Captioned web images
== == ==

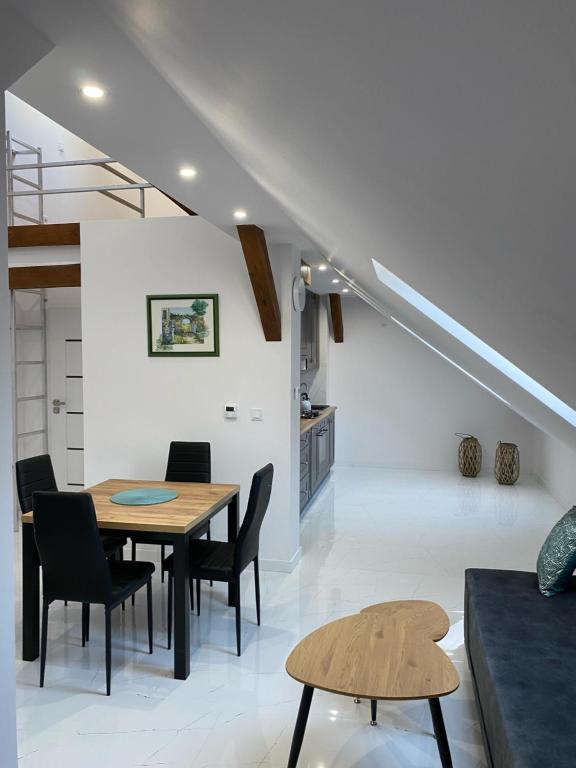 a dining room and kitchen with a table and chairs at Apartament Woda i Zieleń in Borne Sulinowo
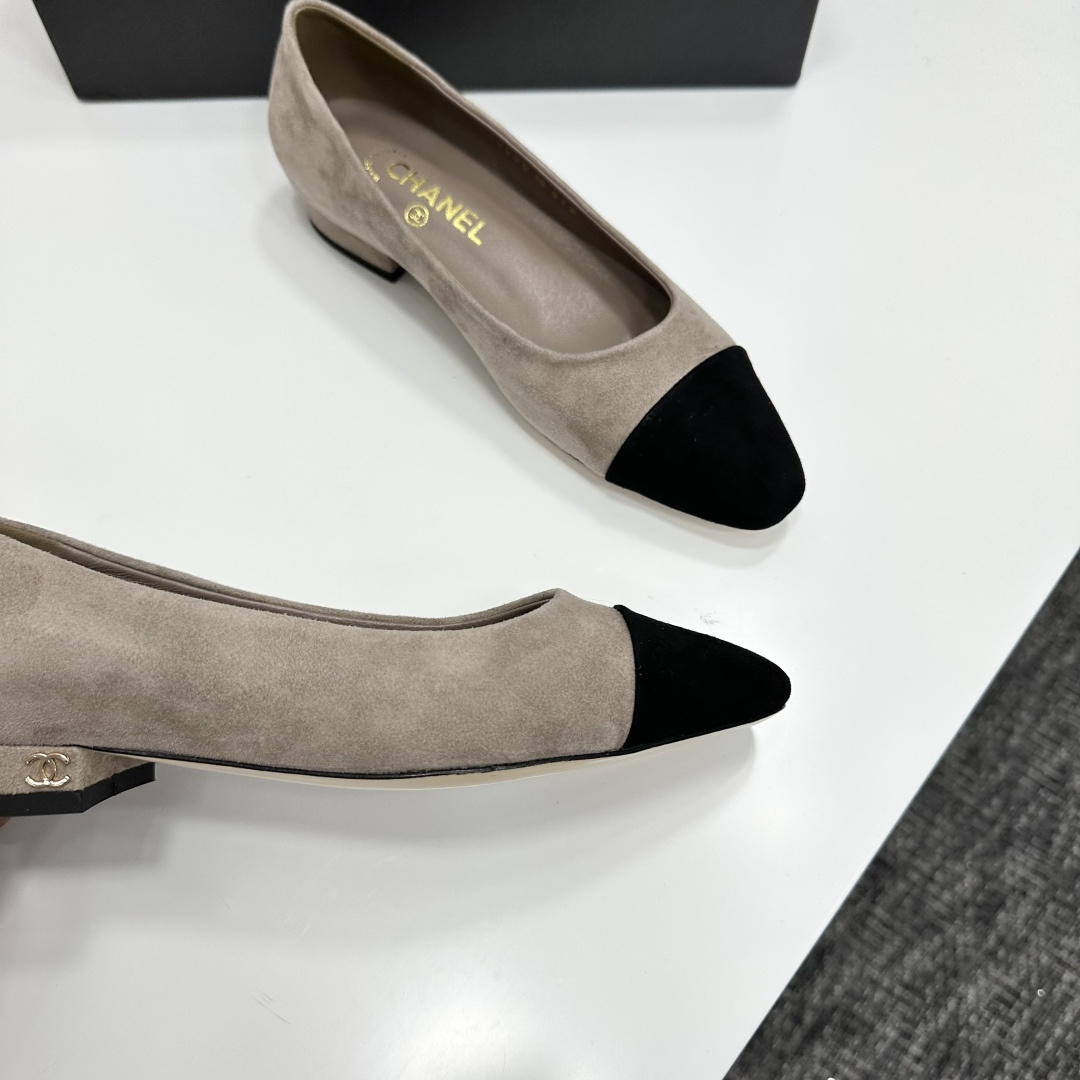 Chanel two-tone beige suede ballerina flats with black toe cap and gold CC logo on the heel sitting on a black box. - Hình 2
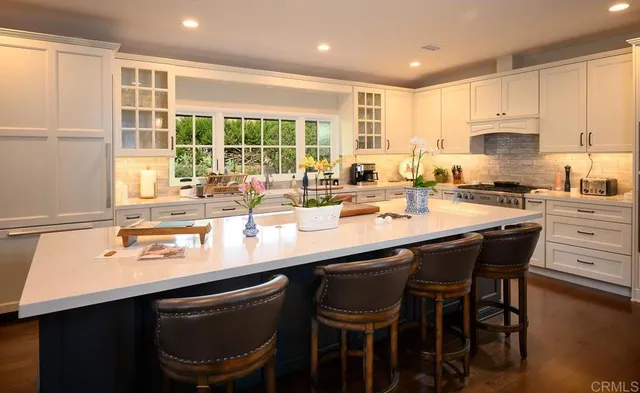 a kitchen with a sink and chairs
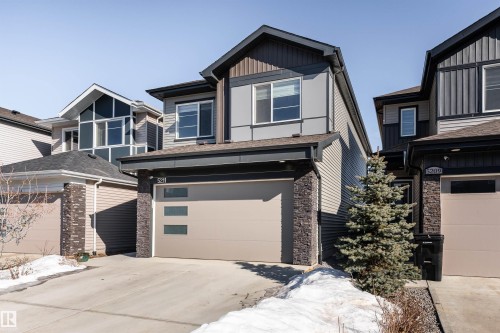 View of front of property featuring stone siding, concrete driveway, a garage, and board and batten siding - 5211 Kimball Crescent, Edmonton, AB - Outdoor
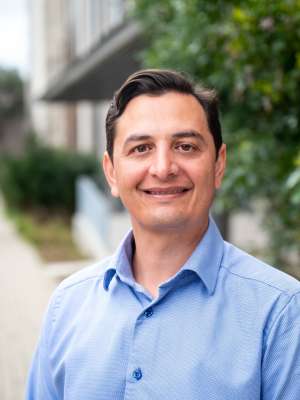 Chris Moriates Headshot in blue shirt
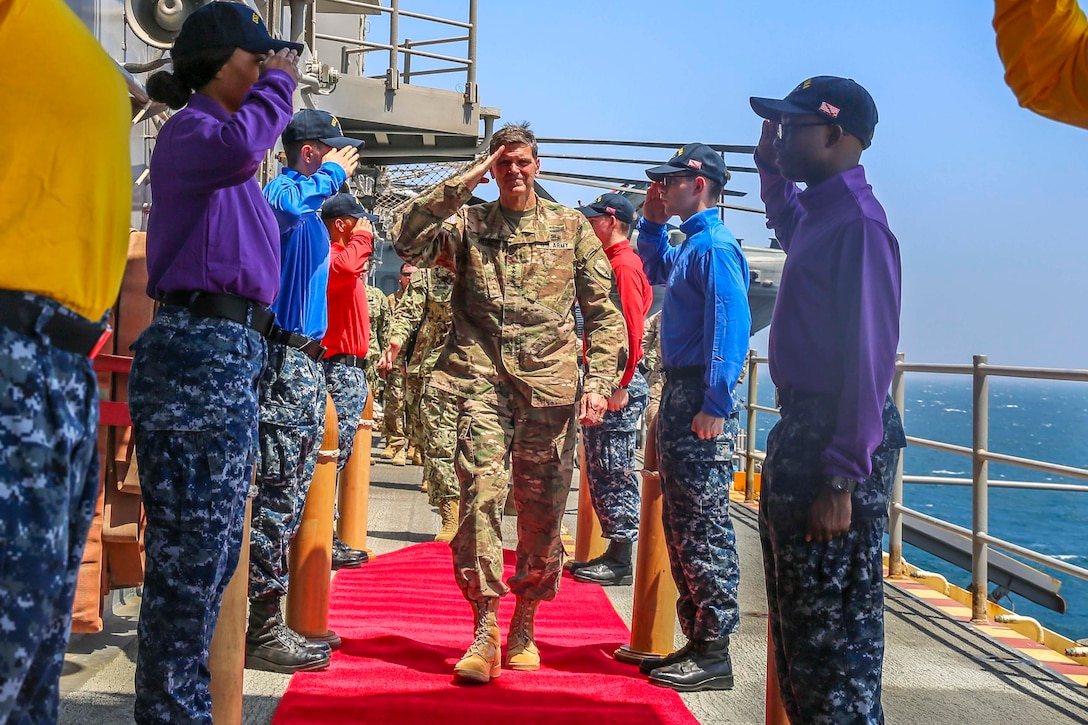 U.S. Army Gen. Joseph Votel, commander, U.S. Central Command,  salutes Sailors as he is welcomed aboard the Wasp-class amphibious assault ship USS Iwo Jima (LHD 7), June 22, 2018. Votel, Vice Adm. Scott Stearney, commander, U.S. Naval Forces Central Command, and other distinguished visitors took a tour of Iwo Jima and spoke with crew members and Marines with the 26th Marine Expeditionary Unit, who are currently deployed to the U.S. 5th Fleet of operations in support of maritime security operations to reassure allies and partners and preserve the freedom of navigation and the free flow of commerce in the region. (U.S. Marine Corps photo by Cpl. Jon Sosner/Released)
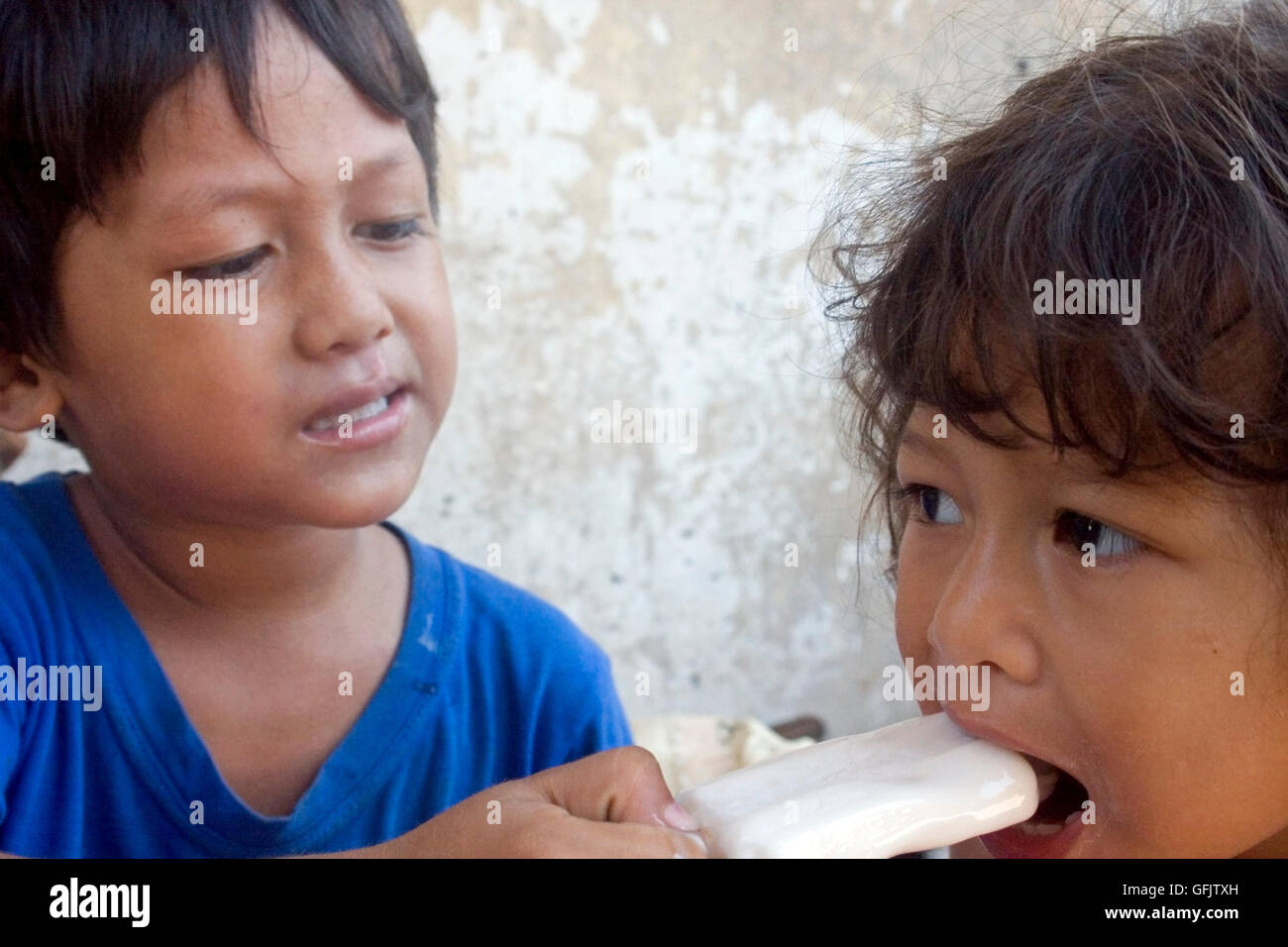 A boy is helping a young girl eat an ice cream bar in a slum in Kampong Cham, Cambodia. Stock Photo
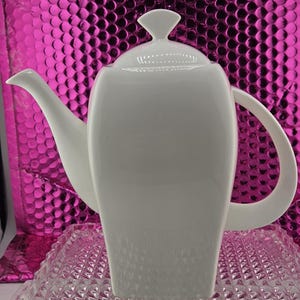 May include: A white ceramic teapot with a curved spout and handle. The teapot has a lid with a small finial. The teapot is sitting on a clear, textured glass surface. The background is a shiny, pink surface.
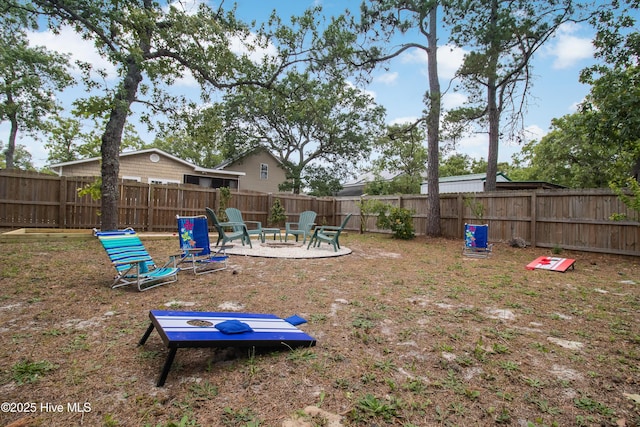 view of yard with a fire pit, a fenced backyard, and a patio area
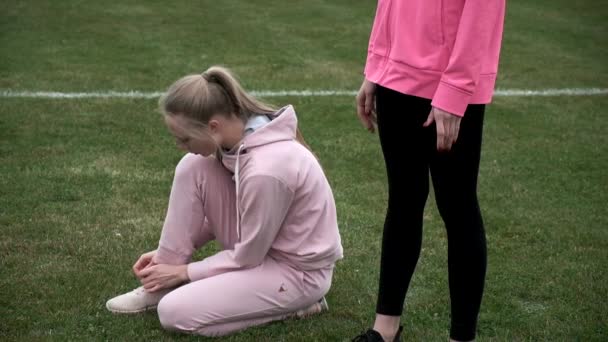 Idénticas hermanas gemelas en tren de ropa deportiva al aire libre, una de ellas ata cordones de zapatos — Vídeos de Stock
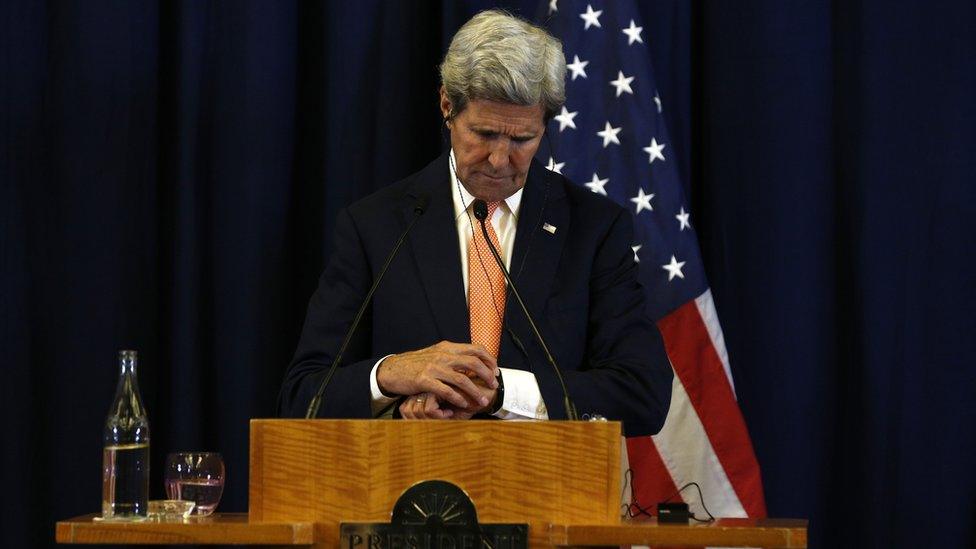 US Secretary of State John Kerry checks his watch during a press conference with Russian Foreign Minister Sergei Lavrov following their meeting in Geneva where they discussed the crisis in Syria on 9 September 2016.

== == ==

:: Aim of the task ::
Copy all of the data above exactly. Leave out every picture.

:: Task solution ::
 a dining room and kitchen with a table and chairs at Apartament Woda i Zieleń in Borne Sulinowo
 Chanel two-tone beige suede ballerina flats with black toe cap and gold CC logo on the heel sitting on a black box. - Hình 2
 a kitchen with a sink and chairs
 View of front of property featuring stone siding, concrete driveway, a garage, and board and batten siding - 5211 Kimball Crescent, Edmonton, AB - Outdoor
 Chris Moriates Headshot in blue shirt
 U.S. Army Gen. Joseph Votel, commander, U.S. Central Command,  salutes Sailors as he is welcomed aboard the Wasp-class amphibious assault ship USS Iwo Jima (LHD 7), June 22, 2018. Votel, Vice Adm. Scott Stearney, commander, U.S. Naval Forces Central Command, and other distinguished visitors took a tour of Iwo Jima and spoke with crew members and Marines with the 26th Marine Expeditionary Unit, who are currently deployed to the U.S. 5th Fleet of operations in support of maritime security operations to reassure allies and partners and preserve the freedom of navigation and the free flow of commerce in the region. (U.S. Marine Corps photo by Cpl. Jon Sosner/Released)
 A boy is helping a young girl eat an ice cream bar in a slum in Kampong Cham, Cambodia. Stock Photo
 May include: A white ceramic teapot with a curved spout and handle. The teapot has a lid with a small finial. The teapot is sitting on a clear, textured glass surface. The background is a shiny, pink surface.
 view of yard with a fire pit, a fenced backyard, and a patio area
 Idénticas hermanas gemelas en tren de ropa deportiva al aire libre, una de ellas ata cordones de zapatos — Vídeos de Stock
 US Secretary of State John Kerry checks his watch during a press conference with Russian Foreign Minister Sergei Lavrov following their meeting in Geneva where they discussed the crisis in Syria on 9 September 2016.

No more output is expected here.